In January the FCC proposed rules to establish open standards for set-top boxes. The notice and comment period on those rules is nearing its end. As it is likely that the FCC will move forward with its planned deregulation, the groups in opposition are concentrating on shaping the rules to result in minimal disruption to the perceived benefits of the current system.

The Motion Picture Association of America and SAG-AFTRA issued a joint comment articulating their concerns, and in the process making it clear that when a regulatory body seeks to transform established practices, the devil is in the details.

The FCC intends to establish a body that will set open standards for three information streams: what programming is available, rights management and the actual delivery of the content.
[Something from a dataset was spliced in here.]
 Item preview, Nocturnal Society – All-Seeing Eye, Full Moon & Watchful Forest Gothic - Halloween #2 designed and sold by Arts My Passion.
The MPAA/SAG-AFTRA comment asks such questions as whether a single body will be responsible to set the standards for all three streams, who will decide on the content of the streams and whether they qualify as “open,” and how will be standards body make its decisions and adjudicate disputes.

Underlying all this is a deeper concern that by loosening the control that the cable, satellite and telcos currently hold over content delivery, they, and the content owners, will also sacrifice some of their ability to control piracy and monetization of content.

The shift to over-the-top program delivery may be inevitable, and will surely be welcomed by consumers, but the concerns raised by MPAA/SAG-AFTRA (and by the American Cable Association in its own comment) reflect legitimate reservations that the FCC should take into account to insure a fair and orderly transition.